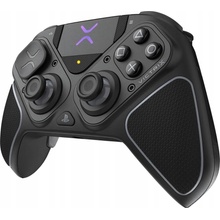 Turtle Beach Victrix Pro BFG Reloaded PS4/PS5 a PC TBC-3101-05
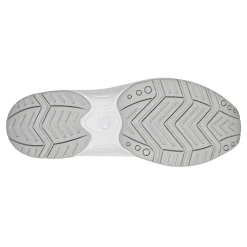 Traveltime Clogs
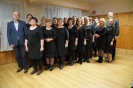 Koncert Karnawałowy 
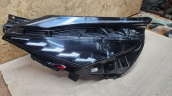 Oto Çıkma Parça / Nissan / Qashqai / Far & Stop / Sol Ön Far / Çıkma Parça 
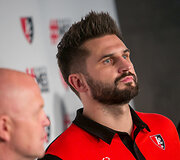 Linas Kleiza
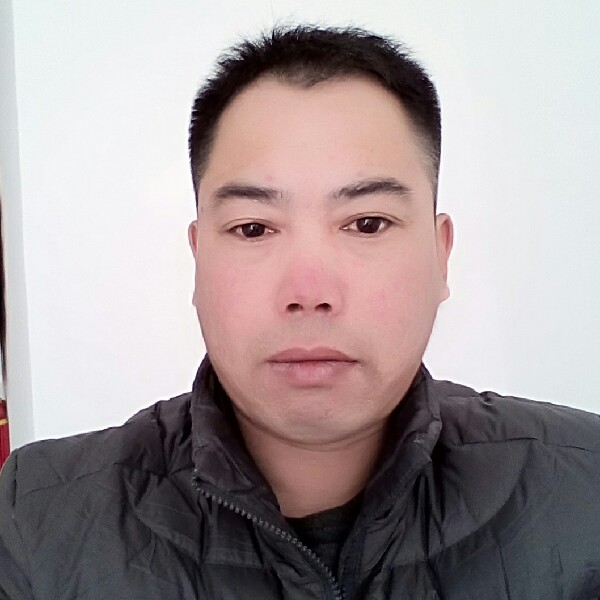 怕黑的我的照片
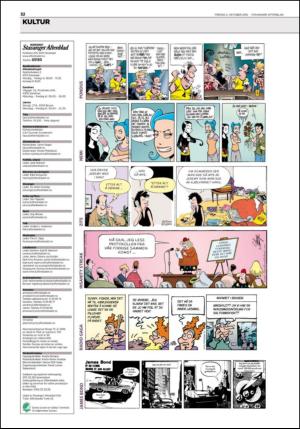 aftenbladet_del2-20121005_000_00_00_032.pdf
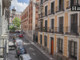 Mieszkanie do wynajęcia - Madrid, Hiszpania, 39 m², 2380 USD (9592 PLN), NET-79779296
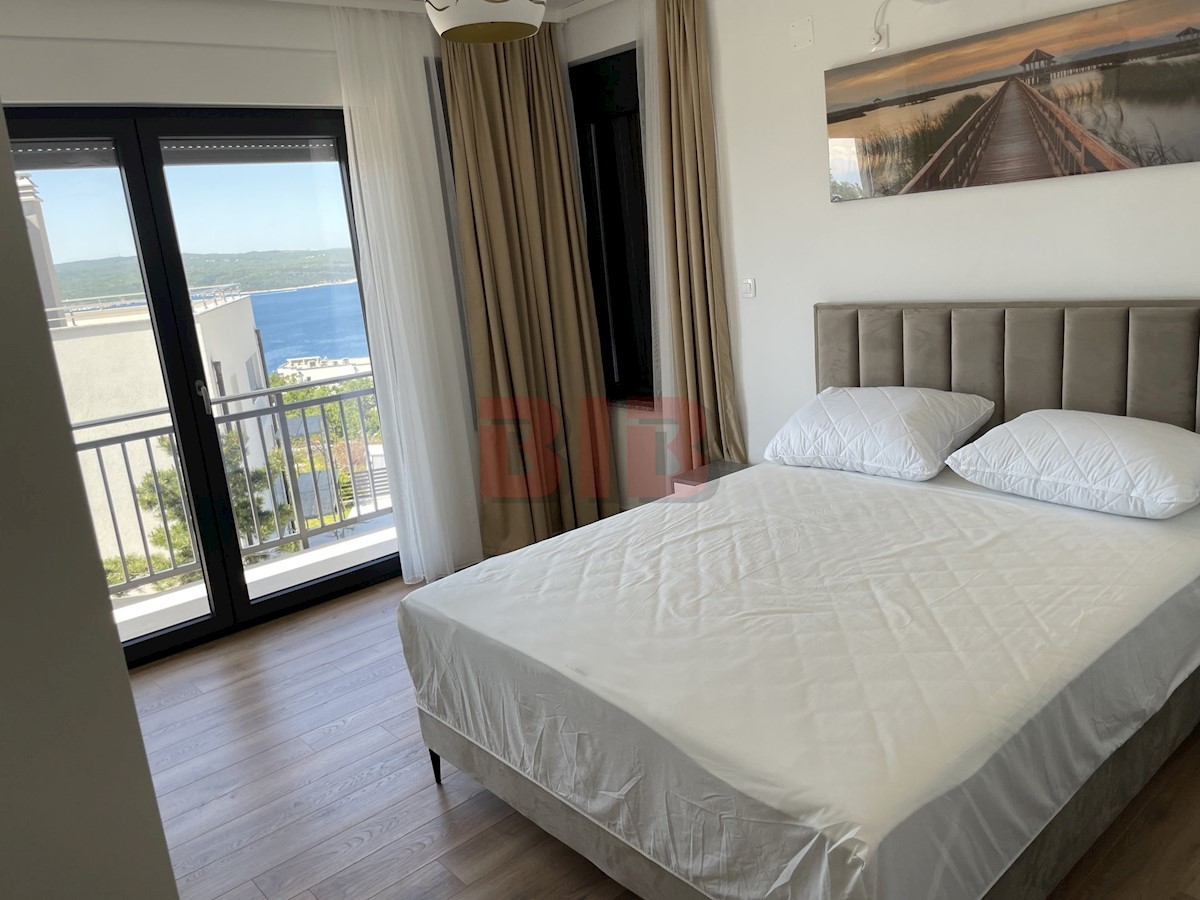 House For sale - PRIMORSKO-GORANSKA CRIKVENICA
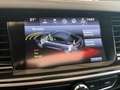 Opel Insignia Sports Tourer 2.0 Turbo 4x4 Business Executive|Ful Vert - thumbnail 14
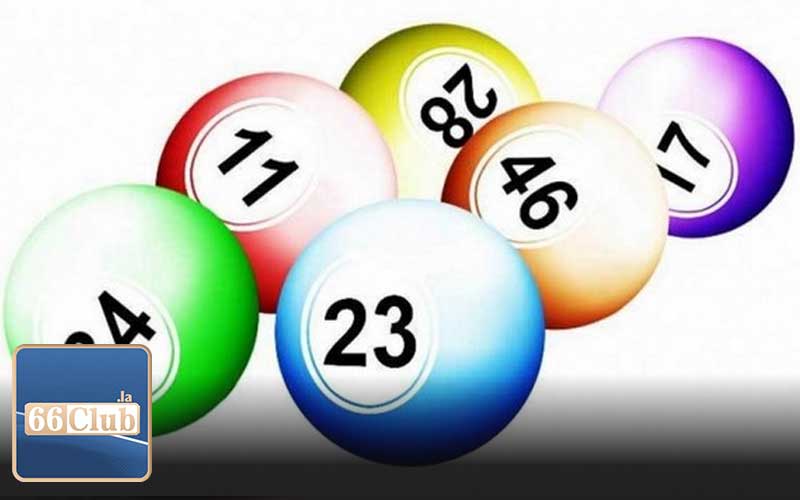 Soi cầu bạc nhớ tại 66CLUB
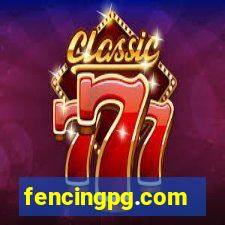 fencingpg.com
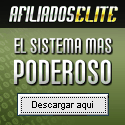 AfiliadosElite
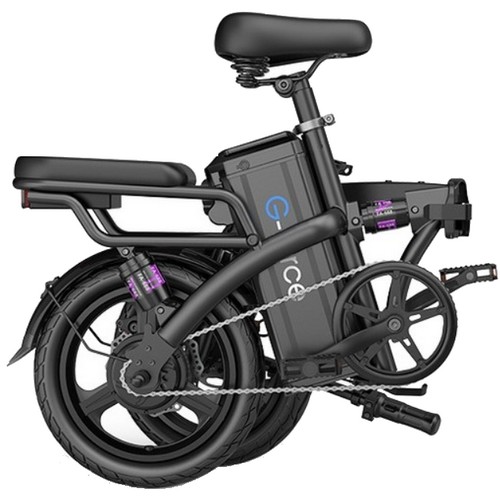 ������ C14 �����̾� �ؿܱ���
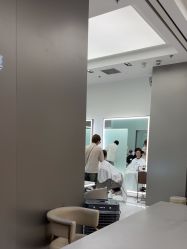 -崇尚GAVIN STYLE臻选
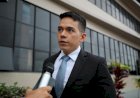 Em audiência sobre ação de 2022, Governo do Amazonas reforça que já cumpriu demandas de servidores da Educação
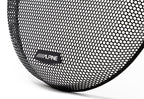 Alpine galler för 10" R2/S2 basar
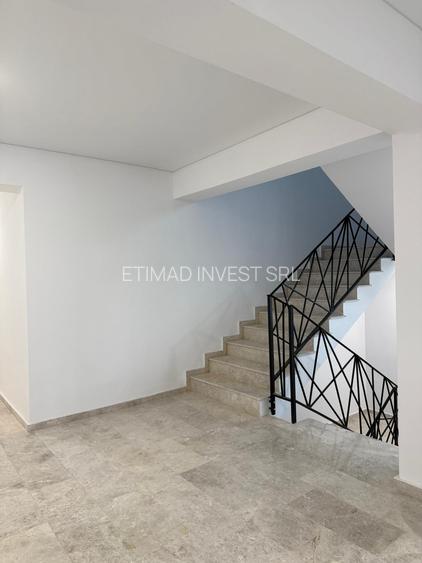 0% COMISION - MAMAIA NORD - PISCINA - 26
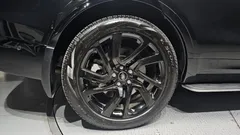 2023 Land Rover Discovery P360 R-Dynamic SE — фото 5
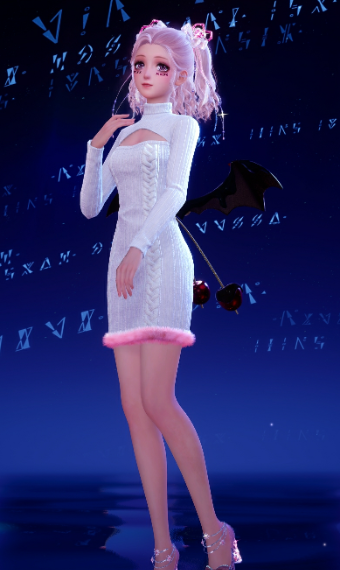Sugar Rush image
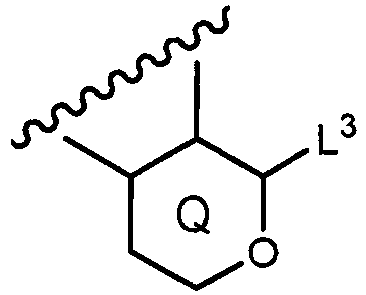 Figure imgb0060
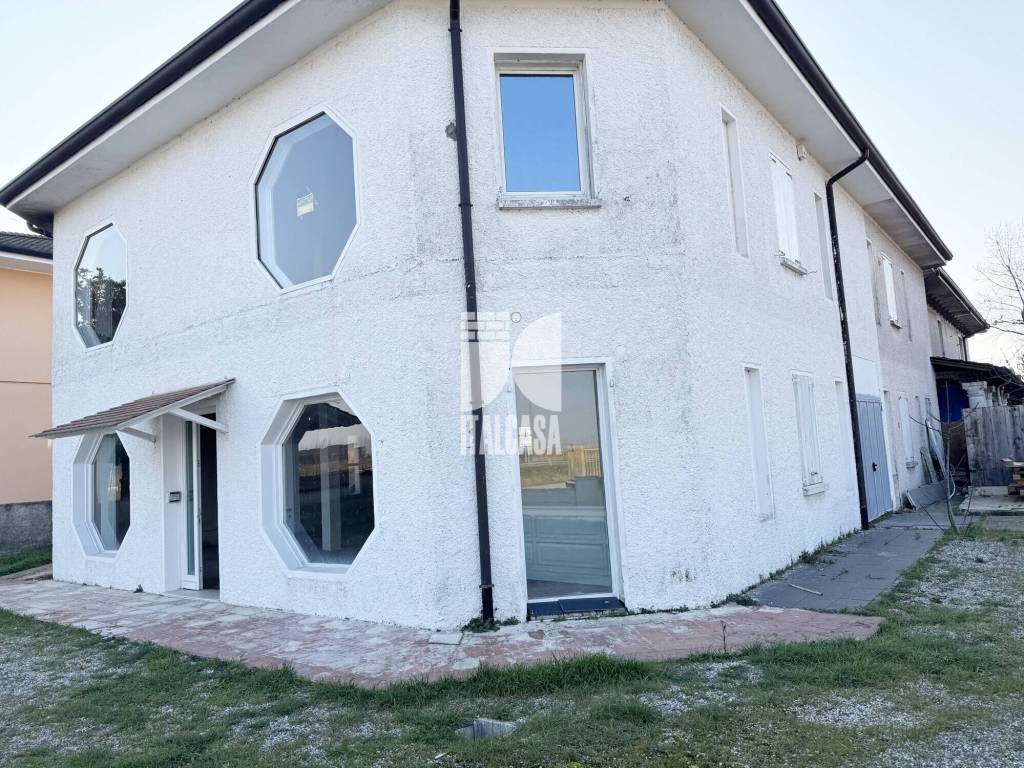 Immobile a Porto mantovano in Via dell'Artigianato - Foto 4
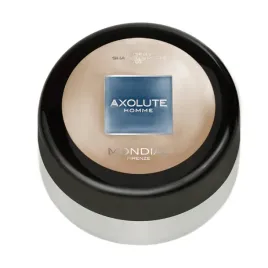 mondial-1908-krem-do-golenia-axolute-150-ml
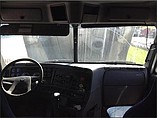 FREIGHTLINER C120-CENTURY Photo #5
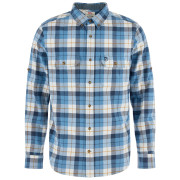 Muška košulja Fjällräven Singi Heavy Flannel Shirt M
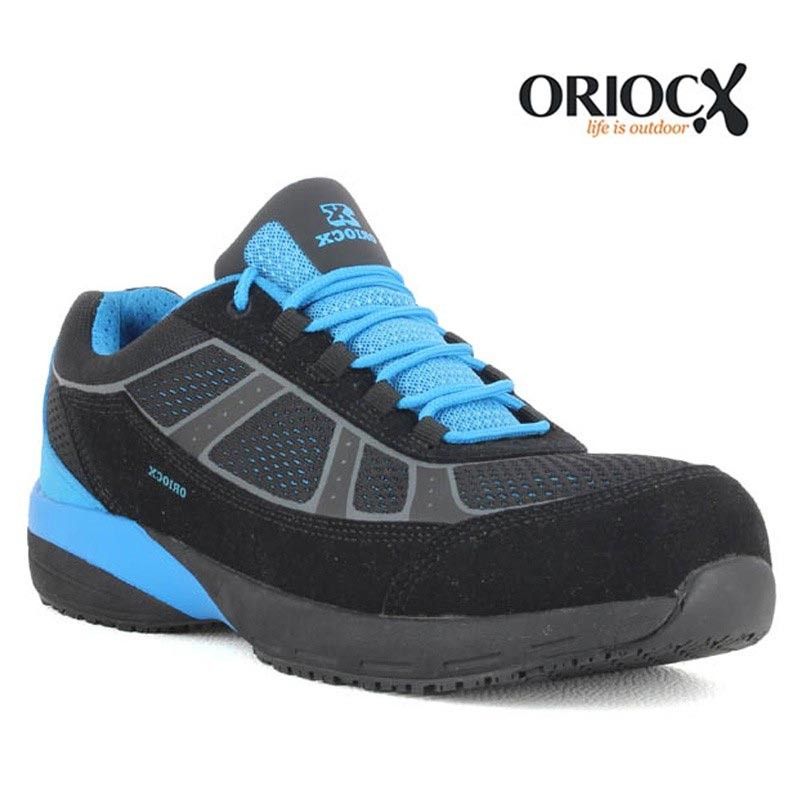 basket-securite-homme-bleu-noir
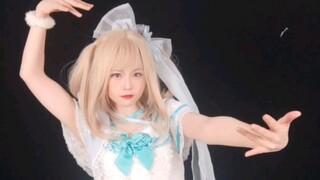 ถ้าฉันทำสิ่งนี้ที่ร้านซานค่าง เจ้าของจะตีฉันไหม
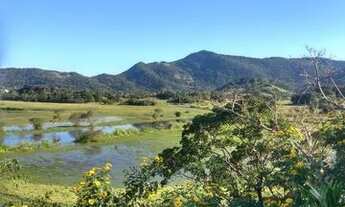 Imagem 3: Alugo casa Garopaba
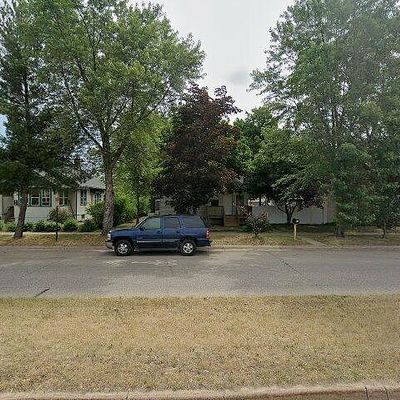 618 N 8 Th St, Brainerd, MN 56401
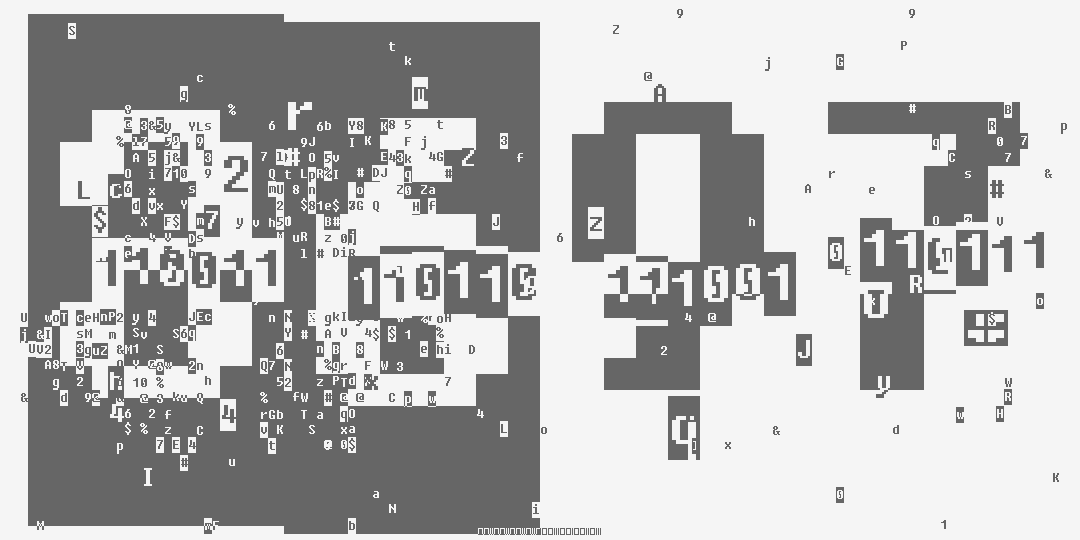 число три тысячи шестьсот девяносто семь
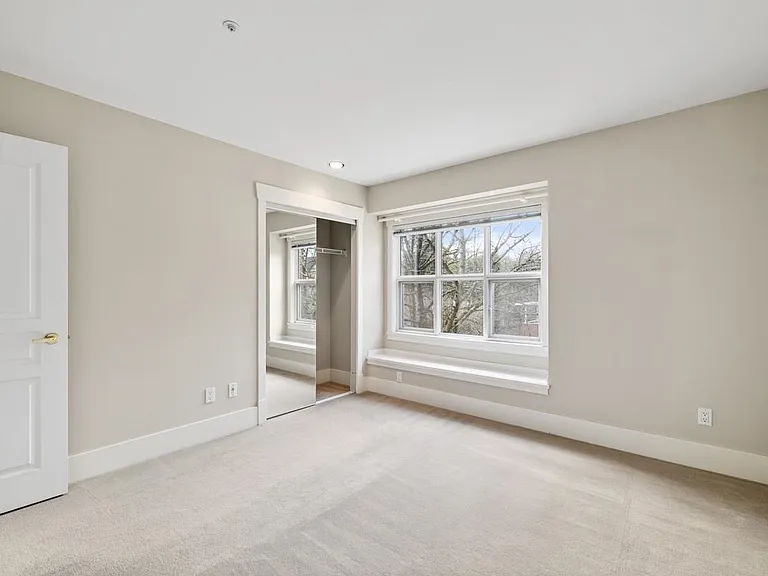 3998 W 32nd Ave — Photo 25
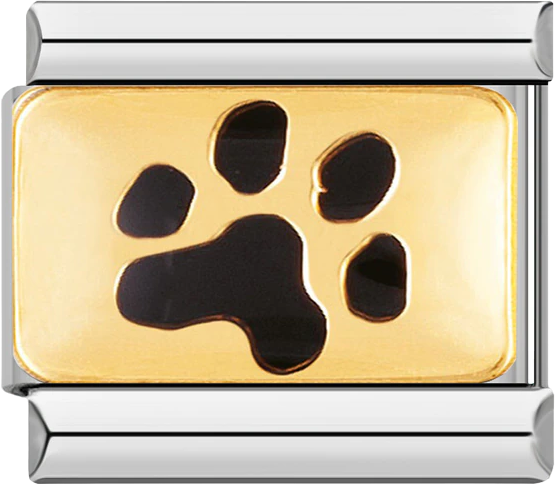 Dog Print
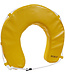 Seago Horseshoe Lifebuoy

----------

* **Required work**
Each entry must be retyped word for word, with every image omitted.

* **Solution for this problem**
 Turtle Beach Victrix Pro BFG Reloaded PS4/PS5 a PC TBC-3101-05
 Traveltime Clogs
 Koncert Karnawałowy 
 Oto Çıkma Parça / Nissan / Qashqai / Far & Stop / Sol Ön Far / Çıkma Parça 
 Linas Kleiza
 怕黑的我的照片
 aftenbladet_del2-20121005_000_00_00_032.pdf
 Mieszkanie do wynajęcia - Madrid, Hiszpania, 39 m², 2380 USD (9592 PLN), NET-79779296
 House For sale - PRIMORSKO-GORANSKA CRIKVENICA
 Opel Insignia Sports Tourer 2.0 Turbo 4x4 Business Executive|Ful Vert - thumbnail 14
 Soi cầu bạc nhớ tại 66CLUB
 fencingpg.com
 AfiliadosElite
 ������ C14 �����̾� �ؿܱ���
 -崇尚GAVIN STYLE臻选
 Em audiência sobre ação de 2022, Governo do Amazonas reforça que já cumpriu demandas de servidores da Educação
 Alpine galler för 10" R2/S2 basar
 0% COMISION - MAMAIA NORD - PISCINA - 26
 2023 Land Rover Discovery P360 R-Dynamic SE — фото 5
Sugar Rush image
 Figure imgb0060
 Immobile a Porto mantovano in Via dell'Artigianato - Foto 4
 mondial-1908-krem-do-golenia-axolute-150-ml
 FREIGHTLINER C120-CENTURY Photo #5
 Muška košulja Fjällräven Singi Heavy Flannel Shirt M
 basket-securite-homme-bleu-noir
 ถ้าฉันทำสิ่งนี้ที่ร้านซานค่าง เจ้าของจะตีฉันไหม
 Imagem 3: Alugo casa Garopaba
 618 N 8 Th St, Brainerd, MN 56401
 число три тысячи шестьсот девяносто семь
 3998 W 32nd Ave — Photo 25
 Dog Print
 Seago Horseshoe Lifebuoy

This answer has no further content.